If the talking snake did not provide a hint that this book’s contents were either not to be believed, or more importantly to be rejected, God’s decision to drown everyone on the planet should be enough. Strangely this story remains a popular one among those who want to convince children to believe. Strong evidence that evolution by natural selection does not apply fully to ideas in the minds of man.

Aronofsky however seems to imagine that the Bible has something to teach us about the grave environmental problems we now face.

It is very difficult to figure out what he is trying to say, as is often the case with celebrity penned op-eds that appear in that offence to journalism called the Huffington Post. Here how he finishes it off:

Noah is a story of man’s sin and God’s judgment. It is a story of our tendency to fall into wickedness, and of the challenge to live in accordance with our better natures. It is a story of falling short of our responsibilities, of taking the beauty that has been entrusted to our care and corrupting it. But it is also a story of hope, a story of the possibility of change, a story of mercy.

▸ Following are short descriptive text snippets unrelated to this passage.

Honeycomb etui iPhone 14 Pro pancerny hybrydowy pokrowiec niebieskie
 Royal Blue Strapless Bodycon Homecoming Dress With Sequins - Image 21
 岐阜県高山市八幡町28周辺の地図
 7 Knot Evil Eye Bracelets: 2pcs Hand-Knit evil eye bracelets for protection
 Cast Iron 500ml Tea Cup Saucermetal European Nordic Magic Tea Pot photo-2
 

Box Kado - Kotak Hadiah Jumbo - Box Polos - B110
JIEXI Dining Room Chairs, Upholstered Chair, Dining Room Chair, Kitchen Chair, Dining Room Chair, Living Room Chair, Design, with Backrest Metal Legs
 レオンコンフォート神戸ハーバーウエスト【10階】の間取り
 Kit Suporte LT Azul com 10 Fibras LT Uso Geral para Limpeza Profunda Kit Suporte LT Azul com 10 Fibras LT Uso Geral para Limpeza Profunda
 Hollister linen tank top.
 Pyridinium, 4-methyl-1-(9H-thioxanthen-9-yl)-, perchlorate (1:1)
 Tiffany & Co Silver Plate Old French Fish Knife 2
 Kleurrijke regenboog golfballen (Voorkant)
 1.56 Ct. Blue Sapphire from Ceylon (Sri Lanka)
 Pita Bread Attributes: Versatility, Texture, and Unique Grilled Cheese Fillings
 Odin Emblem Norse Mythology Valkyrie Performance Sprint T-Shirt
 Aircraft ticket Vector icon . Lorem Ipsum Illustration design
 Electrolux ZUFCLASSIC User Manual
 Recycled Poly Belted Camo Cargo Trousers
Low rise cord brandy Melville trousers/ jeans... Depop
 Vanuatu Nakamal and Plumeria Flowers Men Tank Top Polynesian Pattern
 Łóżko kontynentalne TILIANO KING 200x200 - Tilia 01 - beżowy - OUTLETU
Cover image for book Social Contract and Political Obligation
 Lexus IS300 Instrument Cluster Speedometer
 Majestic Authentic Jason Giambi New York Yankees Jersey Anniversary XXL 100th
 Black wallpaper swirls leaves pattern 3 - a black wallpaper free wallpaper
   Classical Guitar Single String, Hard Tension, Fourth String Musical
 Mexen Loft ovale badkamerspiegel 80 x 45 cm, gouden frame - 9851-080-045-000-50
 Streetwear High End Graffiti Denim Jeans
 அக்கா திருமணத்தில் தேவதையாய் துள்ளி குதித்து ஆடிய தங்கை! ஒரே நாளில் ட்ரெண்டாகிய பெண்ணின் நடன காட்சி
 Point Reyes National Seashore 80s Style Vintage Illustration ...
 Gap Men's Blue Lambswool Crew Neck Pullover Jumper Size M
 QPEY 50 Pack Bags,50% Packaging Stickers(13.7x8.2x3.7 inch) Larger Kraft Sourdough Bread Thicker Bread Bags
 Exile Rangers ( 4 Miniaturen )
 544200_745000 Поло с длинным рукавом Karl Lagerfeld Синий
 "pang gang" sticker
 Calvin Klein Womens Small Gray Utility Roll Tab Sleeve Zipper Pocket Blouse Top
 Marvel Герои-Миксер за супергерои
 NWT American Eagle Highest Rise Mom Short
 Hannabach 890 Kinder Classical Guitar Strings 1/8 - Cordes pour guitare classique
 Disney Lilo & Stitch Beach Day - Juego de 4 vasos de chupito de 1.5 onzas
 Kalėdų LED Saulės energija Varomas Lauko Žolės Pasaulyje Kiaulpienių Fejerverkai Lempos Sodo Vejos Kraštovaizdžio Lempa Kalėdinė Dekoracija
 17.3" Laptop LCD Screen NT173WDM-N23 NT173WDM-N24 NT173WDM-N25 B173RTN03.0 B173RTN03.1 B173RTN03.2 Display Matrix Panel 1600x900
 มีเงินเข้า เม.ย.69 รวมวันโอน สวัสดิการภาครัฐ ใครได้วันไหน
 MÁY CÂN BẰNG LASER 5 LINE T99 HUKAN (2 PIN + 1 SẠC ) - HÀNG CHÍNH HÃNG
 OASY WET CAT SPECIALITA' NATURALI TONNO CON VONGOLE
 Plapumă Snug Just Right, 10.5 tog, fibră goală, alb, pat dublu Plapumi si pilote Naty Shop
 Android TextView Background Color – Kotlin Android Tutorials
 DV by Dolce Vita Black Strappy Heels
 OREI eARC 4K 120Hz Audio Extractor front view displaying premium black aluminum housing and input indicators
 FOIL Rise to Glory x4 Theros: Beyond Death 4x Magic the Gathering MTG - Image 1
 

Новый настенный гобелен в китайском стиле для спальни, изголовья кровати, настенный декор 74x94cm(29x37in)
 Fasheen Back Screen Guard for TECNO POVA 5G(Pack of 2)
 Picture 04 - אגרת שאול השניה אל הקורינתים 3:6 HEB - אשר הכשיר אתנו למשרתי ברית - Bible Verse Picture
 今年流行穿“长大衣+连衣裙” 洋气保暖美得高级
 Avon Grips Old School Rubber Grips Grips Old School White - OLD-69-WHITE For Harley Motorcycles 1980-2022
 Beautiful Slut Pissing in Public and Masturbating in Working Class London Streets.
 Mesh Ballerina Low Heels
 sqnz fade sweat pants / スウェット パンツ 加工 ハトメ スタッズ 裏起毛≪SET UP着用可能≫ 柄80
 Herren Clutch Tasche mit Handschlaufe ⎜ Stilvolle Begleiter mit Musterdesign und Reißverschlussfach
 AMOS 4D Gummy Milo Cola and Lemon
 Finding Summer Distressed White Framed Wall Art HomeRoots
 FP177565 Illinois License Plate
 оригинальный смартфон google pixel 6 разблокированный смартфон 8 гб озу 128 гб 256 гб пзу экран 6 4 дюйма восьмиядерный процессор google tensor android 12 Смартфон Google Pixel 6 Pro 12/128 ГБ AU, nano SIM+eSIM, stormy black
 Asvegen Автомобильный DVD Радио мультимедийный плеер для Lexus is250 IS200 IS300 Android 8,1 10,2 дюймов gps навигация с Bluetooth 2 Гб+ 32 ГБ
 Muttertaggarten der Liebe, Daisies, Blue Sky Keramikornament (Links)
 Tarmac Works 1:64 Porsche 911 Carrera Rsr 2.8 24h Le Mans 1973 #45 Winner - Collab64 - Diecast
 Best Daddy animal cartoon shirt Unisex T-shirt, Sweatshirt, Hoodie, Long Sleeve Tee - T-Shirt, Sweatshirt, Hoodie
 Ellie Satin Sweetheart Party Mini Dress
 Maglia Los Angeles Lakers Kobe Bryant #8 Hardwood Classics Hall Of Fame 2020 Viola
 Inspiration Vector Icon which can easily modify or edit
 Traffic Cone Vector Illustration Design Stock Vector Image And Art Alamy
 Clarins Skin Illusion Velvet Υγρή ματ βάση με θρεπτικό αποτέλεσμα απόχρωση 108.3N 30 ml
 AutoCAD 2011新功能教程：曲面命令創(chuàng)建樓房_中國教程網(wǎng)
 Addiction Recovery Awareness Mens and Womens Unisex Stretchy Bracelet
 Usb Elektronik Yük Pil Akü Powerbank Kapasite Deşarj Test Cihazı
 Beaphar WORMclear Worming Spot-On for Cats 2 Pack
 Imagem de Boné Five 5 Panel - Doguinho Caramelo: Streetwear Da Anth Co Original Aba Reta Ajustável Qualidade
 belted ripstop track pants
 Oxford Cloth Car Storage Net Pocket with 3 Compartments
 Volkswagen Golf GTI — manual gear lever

Noah finds grace in the eyes of the Lord. Humanity is given a second chance.


We are living that second chance.


This is our garden. We have dominion over it.


Are we tending it? Are we keeping it?


Will we stand before it with Awe and Reverence, or will we corrupt our way upon it?


It is our choice.


It is our responsibility.

If Aronofsky is an atheist, as I have heard he is, he is certainly not my kind of atheist.What exactly does he mean by “this second chance”? Let’s imagine that we were talking about a race of people, and a modern day writer was telling us that this race had nearly been wiped out, but a couple of them were spared to give them a second chance. We would be rather horrified by what the author was writing. But mix in a little religion, and such sentiment becomes profound, and acceptable.

The insights offered up by the Bible, Koran or any man-made holy book on environmental issues are rather limited. One has to wonder in amid all of the bizarre Old Testament commandments or the inveighing in the Koran that non-believers will burn in hell that there could have been a suggestion to be careful if you decide to start burning a black rock.

Do we really think that we can deal with climate change any better as a result of books that promote widespread irrationality among humans? The willingness to believe what we want to believe is what gets us into these problems, it is not going to get us out. We live in age when these ideas have long ceased being believable, yet we continue to believe them.

A civilization based on science, reason and humanist principlesp is essential, but still a long way distant.